----- DATA SEGMENT

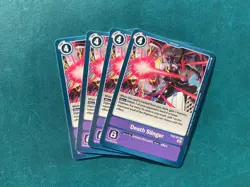 Death Slinger EX2-071 Playset Digital Hazard Digimon Card Game x4 - Image 1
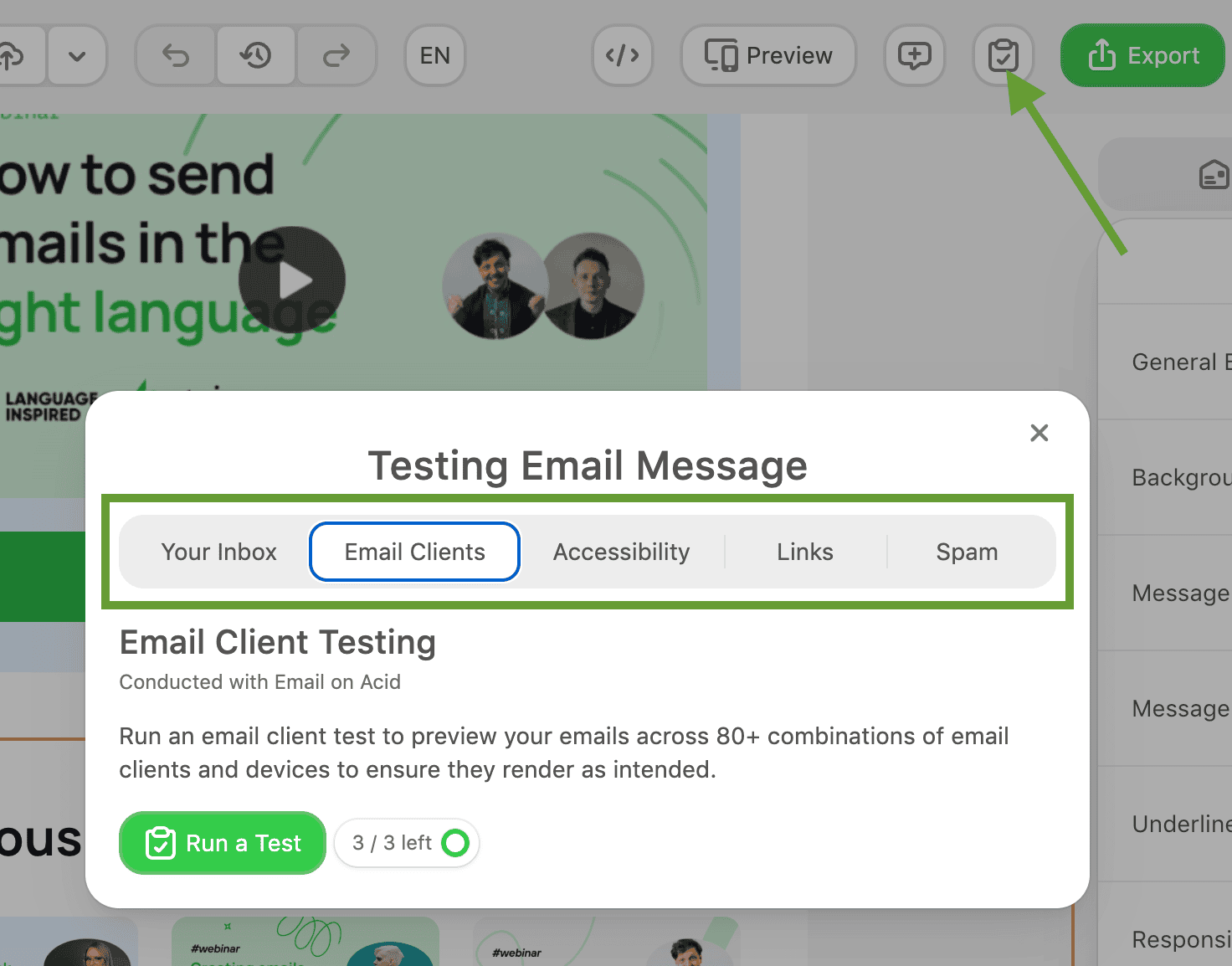 Email testing tools in Stripo Email testing tools in Stripo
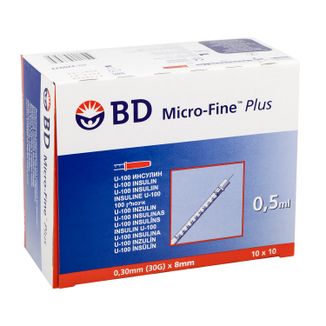 BD Micro-Fine Plus, strzykawka insulinowa, 0,5 ml, U-100, z igłą 30G, 0,3 x 8 mm, 100 sztuk - zdjęcie produktu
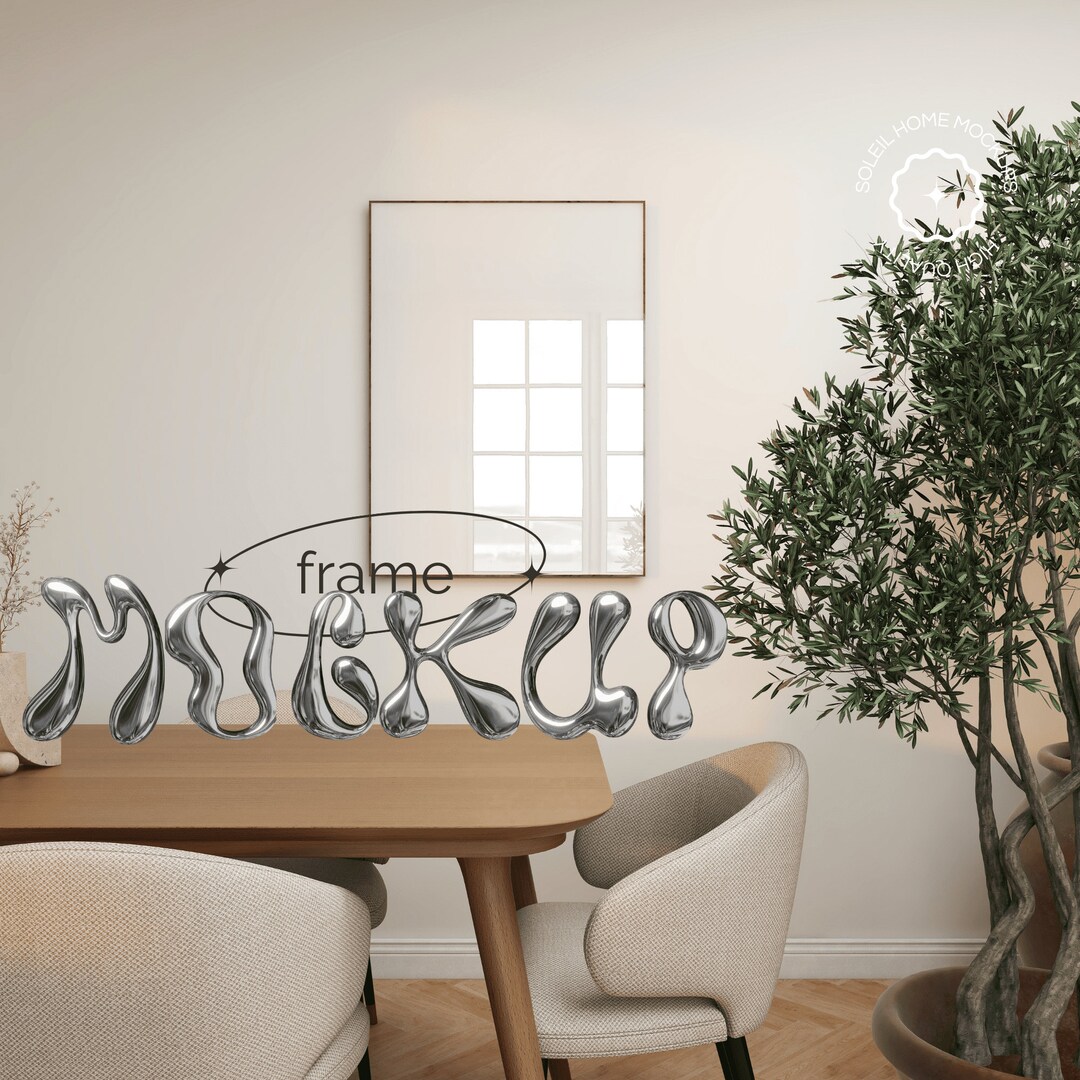 Mockup Dining Room Frame, Digital Mockup of Japandi and Wabi Sabi Frame ...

----------

WHAT IS REQUIRED >> The material above should be repeated word for word, with every picture omitted.

ANSWER SPACE >>
 Death Slinger EX2-071 Playset Digital Hazard Digimon Card Game x4 - Image 1
 Email testing tools in Stripo Email testing tools in Stripo
 BD Micro-Fine Plus, strzykawka insulinowa, 0,5 ml, U-100, z igłą 30G, 0,3 x 8 mm, 100 sztuk - zdjęcie produktu
 Mockup Dining Room Frame, Digital Mockup of Japandi and Wabi Sabi Frame ...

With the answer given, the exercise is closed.